15:50 vaxry: yeah, most
15:50 vaxry: in cs2 I'd say 4/5 do
15:51 vaxry: maybe more, if I don't move my mouse 99% do succeed
15:51 MrCooper: then it sounds like wlroots / your compositor isn't properly waiting for flip completion events before submitting the next flip
15:51 vaxry: but... async flips...?
15:51 MrCooper: can tear, that's all
15:51 MrCooper: still need to wait for the completion event
15:52 vaxry: yeah but isnt the definition of that "we don't wait for a finish"?
15:52 MrCooper: nope
15:52 vaxry: so... wait. What you are saying is that I should wait for drm to send a frame event?
15:52 MrCooper: the flip ioctl is always asynchronous in that sense
15:53 vaxry: I'm not sure I understand this one
15:53 vaxry: when we'd do sync, the flip event would come at the next vblank
15:53 MrCooper: DRM_MODE_PAGE_FLIP_ASYNC means "not synchronized to vertical blank"
15:53 vaxry: yes
15:53 MrCooper: nope, it comes when the flip completes
15:53 vaxry: so... vblank?
15:53 MrCooper: not with DRM_MODE_PAGE_FLIP_ASYNC
15:53 vaxry: yes, here I understand
15:54 MrCooper: if you submit the next flip before the previous one has completed, you get EBUSY
15:54 vaxry: so what you are saying is that with ASYNC, I should _not_ push another frame if drm hasn't sent me a page-flip notification yet
15:54 MrCooper: yep, always, the ASYNC flag is irrelevant for that
15:54 vaxry: okay, thanks a lot. Will impl that and see what happens
16:07 vaxry: OH MY GOD man you did it, that was it. No more log spam, no more artifacts.

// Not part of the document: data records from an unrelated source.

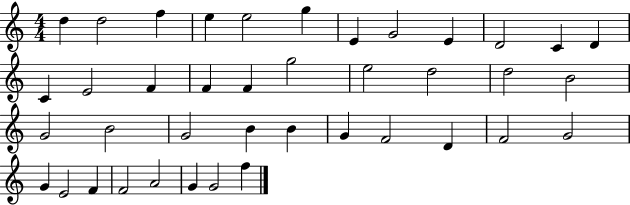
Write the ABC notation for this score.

X:1
T:Untitled
M:4/4
L:1/4
K:C
d d2 f e e2 g E G2 E D2 C D C E2 F F F g2 e2 d2 d2 B2 G2 B2 G2 B B G F2 D F2 G2 G E2 F F2 A2 G G2 f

Thank you so much :D
16:07 vaxry: and it still tears :D
16:21 soreau: MrCooper++;
20:27 mareko: soreau: it should kind of look like bnieuwenhuizen's commit, though that's not all
20:27 soreau: mareko: I noticed there were more commits in that series
20:28 soreau: but some of the items are already in place AFAICT
20:29 mareko: tilings_flags_to_modifiers will be different for gfx6-8
20:29 mareko: because all your tiling flags and modifier flags will be different
20:31 soreau: mareko: you mean i.e. fill_gfx9_plane_attributes_from_modifiers()?

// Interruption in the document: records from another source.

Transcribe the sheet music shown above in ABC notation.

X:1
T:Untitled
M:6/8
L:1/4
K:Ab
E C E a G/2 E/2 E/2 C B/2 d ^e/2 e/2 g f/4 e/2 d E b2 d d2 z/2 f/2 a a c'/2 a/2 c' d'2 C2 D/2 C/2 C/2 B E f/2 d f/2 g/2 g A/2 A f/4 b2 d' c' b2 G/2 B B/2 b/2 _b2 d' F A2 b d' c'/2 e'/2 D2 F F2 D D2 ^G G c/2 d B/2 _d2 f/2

20:31 soreau: that calls fill_gfx9_tiling_info_from_modifier()
20:32 soreau: which in turn calls fill_gfx9_tiling_info_from_device()

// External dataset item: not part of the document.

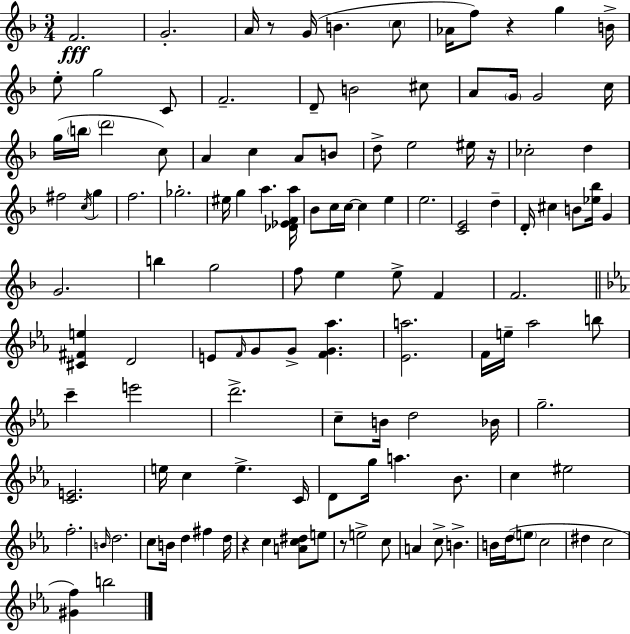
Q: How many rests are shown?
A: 5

20:32 mareko: yesconvert_tiling_flags_to_modifier
20:32 mareko: convert_tiling_flags_to_modifier
20:33 soreau: well I see there is fill_gfx8_tiling_info_from_flags() already
20:34 soreau: but you're talking about drivers/gpu/drm/amd/amdgpu/amdgpu_display.c:701
20:36 soreau: I already made a small modification to that function to return version = AMD_FMT_MOD_TILE_VER_GFX6 in the final case
20:36 soreau: and set version = AMD_FMT_MOD_TILE_VER_GFX9 in the case if (adev->ip_versions[GC_HWIP][0] >= IP_VERSION(9, 0, 0))
20:37 soreau: but that's the only thing I've changed in that function so far
20:38 soreau: I'm guessing switch (swizzle & 3) case 3: might need filling in?
20:39 soreau: and not sure if (has_xor) will be hit but that could stand a case for AMD_FMT_MOD_TILE_VER_GFX6
20:40 soreau: and if (dcc_offset != 0) will not be true for gfx6-8?
20:40 soreau: if so, that's like half the function
22:32 mareko: none of that code is relevant for gfx6-8
23:03 soreau: mareko: so it just needs to be skipped by returning early in convert_tiling_flags_to_modifier()?